There’s also the possibility that with the sales of the various parts of GE Capital’s portfolios, including its European fleet wing to Arval and the US fleet operation to Element for around $7bn, that the US government could remove GE’s systemic importance tag as the finance giant shrinks.

With the regulatory burden lifted, there will be room for GE to keep finance businesses that closely align to the industrial and manufacturing business on which GE wants to focus.

It’s as yet unclear whether this intention to retain the business marks a lean towards a captive or vendor finance model for the big American company, even though GE are to incorporate the equipment finance arm into its UK bank.

It might have been the UK’s distinctive broker model that clinched the decision. Once a funder pulls out of the UK market it makes it very hard to regain the trust of the broking community, as has been proved in the past with Wells Fargo, ING Lease and others.

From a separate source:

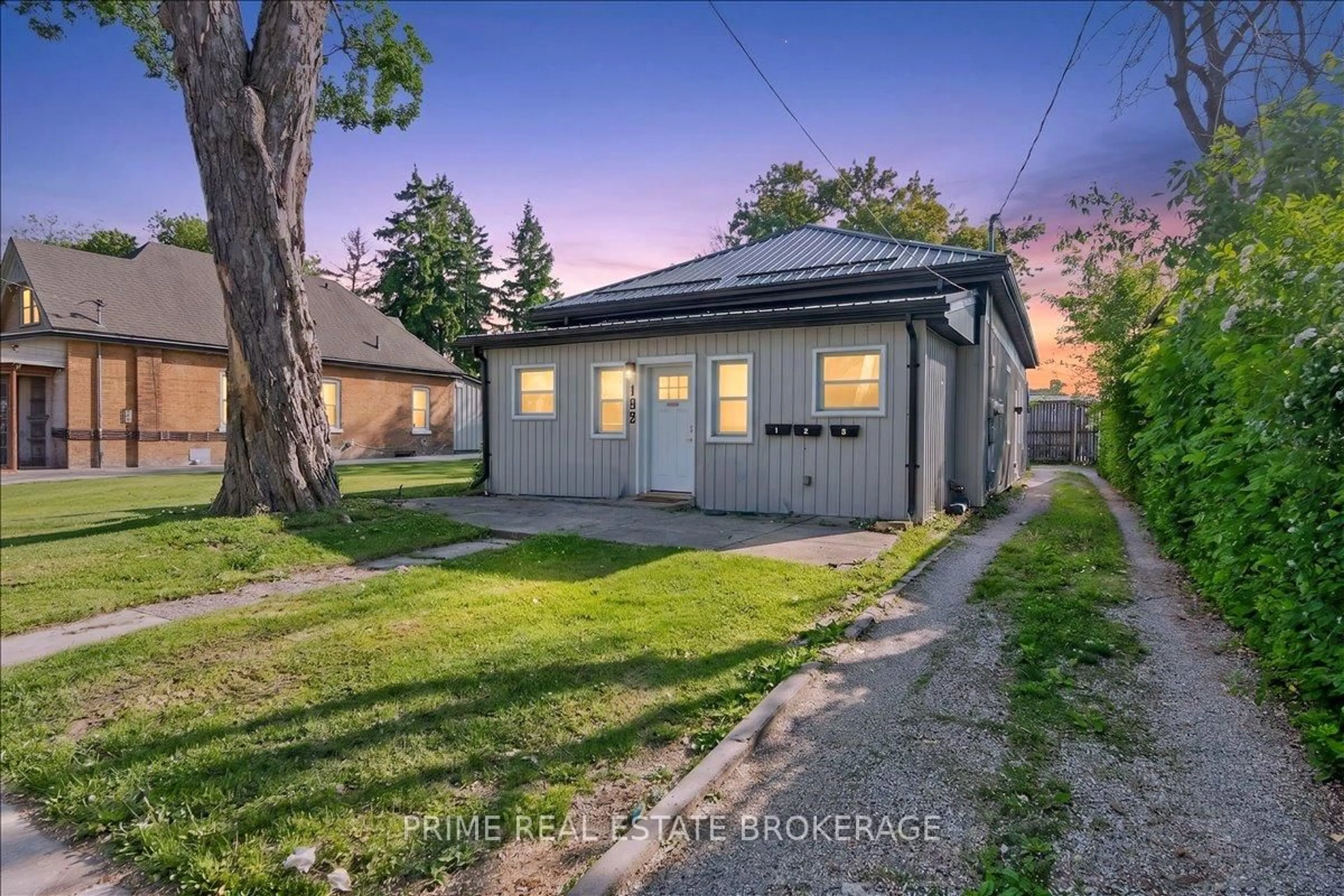 A pic from outside/outdoor area/front of a property/back of a property/a pic from drone, street for 193 Clarence St, London East Ontario N6B 2J8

However GE Equipment Finance’s employees, customers and brokers would probably have been more comfortable with clarity on GE Equipment Finance’s retention back in April when the original announcement was made.

Large funders and businesses are liable under the regulatory burdens because of their size, as GE was assigned with three other non-bank businesses in the US under Dodd-Frank regulation, with insurers MetLife, American International and Prudential Financial.

European legislation Basel III outlines a longer list of banks, including Italian bank UniCredit, French giant Société Générale and UK bank RBS as examples, which all have leasing and asset finance interests.

As a last thought, there may be other manufacturers in the market with finance houses and large manufacturers with equipment finance arms which may be watching the rationalisation of GE with some interest.